Coastal and river quality can be adversely affected by the output of intermittent discharges from storm outflow pipes. These deposit unhygienic and distasteful solids and undo the benefits from other improvements. At the present rate of progress it would take until 2015 to deal with all the unsatisfactory discharges. The public should not have to wait that long. The programme we have announced will mean nearly 18 improvements to intermittent discharges coming on line each week in the five years to March 2005.
Many important nature conservation sites are affected by water abstraction or effluent discharges. These areas represent the best of our national heritage of wildlife habitats, geological features and landforms. We are determined to stop damage being done to these precious sites: 102 schemes have been identified for action by water companies to protect sites from the effects of sewage discharges, in most cases by combating phosphates enrichment. One river, the River Beult, in the Kentish Weald, is affected by 13 sewage works. Other key areas to be protected include high-quality rivers in Cumbria - the Eden, Ehen and Derwent - and the Fal and Helford estuaries.

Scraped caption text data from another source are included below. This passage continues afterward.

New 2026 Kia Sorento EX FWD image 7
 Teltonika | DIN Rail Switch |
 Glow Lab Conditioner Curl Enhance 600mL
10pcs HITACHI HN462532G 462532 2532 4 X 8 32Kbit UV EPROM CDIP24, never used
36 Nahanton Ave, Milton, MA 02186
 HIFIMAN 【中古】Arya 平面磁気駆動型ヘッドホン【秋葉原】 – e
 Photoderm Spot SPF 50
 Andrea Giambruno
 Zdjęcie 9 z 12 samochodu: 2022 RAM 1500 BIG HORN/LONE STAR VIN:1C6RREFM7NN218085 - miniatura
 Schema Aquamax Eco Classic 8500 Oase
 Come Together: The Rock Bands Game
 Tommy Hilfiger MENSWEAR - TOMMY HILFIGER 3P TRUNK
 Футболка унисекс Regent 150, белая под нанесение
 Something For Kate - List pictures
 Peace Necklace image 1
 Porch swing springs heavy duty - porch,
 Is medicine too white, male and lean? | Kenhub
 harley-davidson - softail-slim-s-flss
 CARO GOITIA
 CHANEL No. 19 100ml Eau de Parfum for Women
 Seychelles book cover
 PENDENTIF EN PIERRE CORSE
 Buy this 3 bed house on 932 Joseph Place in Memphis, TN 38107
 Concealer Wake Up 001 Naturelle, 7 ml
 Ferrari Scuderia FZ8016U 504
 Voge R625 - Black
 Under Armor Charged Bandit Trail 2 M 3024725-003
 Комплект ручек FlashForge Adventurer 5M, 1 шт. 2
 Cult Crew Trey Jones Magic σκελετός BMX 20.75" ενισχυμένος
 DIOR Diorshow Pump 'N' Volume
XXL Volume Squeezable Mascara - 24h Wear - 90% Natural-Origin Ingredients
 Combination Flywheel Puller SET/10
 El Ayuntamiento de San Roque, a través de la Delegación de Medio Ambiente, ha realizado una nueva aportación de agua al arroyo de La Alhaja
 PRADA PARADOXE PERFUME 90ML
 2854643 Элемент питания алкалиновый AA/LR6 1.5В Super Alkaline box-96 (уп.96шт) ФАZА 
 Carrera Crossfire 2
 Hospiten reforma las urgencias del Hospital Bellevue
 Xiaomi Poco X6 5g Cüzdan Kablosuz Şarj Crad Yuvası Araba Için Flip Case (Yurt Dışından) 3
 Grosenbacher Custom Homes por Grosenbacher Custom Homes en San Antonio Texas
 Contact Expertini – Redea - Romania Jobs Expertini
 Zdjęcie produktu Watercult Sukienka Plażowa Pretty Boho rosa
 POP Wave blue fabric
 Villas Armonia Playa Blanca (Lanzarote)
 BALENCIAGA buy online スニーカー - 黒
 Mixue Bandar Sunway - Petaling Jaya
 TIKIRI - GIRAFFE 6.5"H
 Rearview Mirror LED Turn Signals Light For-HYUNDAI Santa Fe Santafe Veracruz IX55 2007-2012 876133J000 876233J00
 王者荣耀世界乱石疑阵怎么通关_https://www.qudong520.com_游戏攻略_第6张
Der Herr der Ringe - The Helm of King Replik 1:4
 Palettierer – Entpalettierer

We are also making vital improvements in raising further the standard of drinking water, for example by cutting lead levels, reducing the risk from cryptosporidium, phasing out the use of untreated sewage sludge on agricultural land and reducing the incidence of low-flow rivers.
As well as overall average price cuts, two further aspects of customer interest are important. First, regional price differences. Different prices do not just reflect the scale of environmental investment; they also depend on the customer base, the efficiency of a company and other local factors. It is inevitable that the price limits will vary between companies. But we have to take account of the pressure of prices on local customers in deciding the environmental programme for each company.
The second aspect is the profile of bills. Many customers have said they do not want to see a large price reduction in April 2000 followed by rising bills in subsequent years. They would prefer an initial price cut and then prices held constant in real terms. This is a matter for Ian Byatt at Ofwat, but I have sympathy with these views and have drawn them to his attention.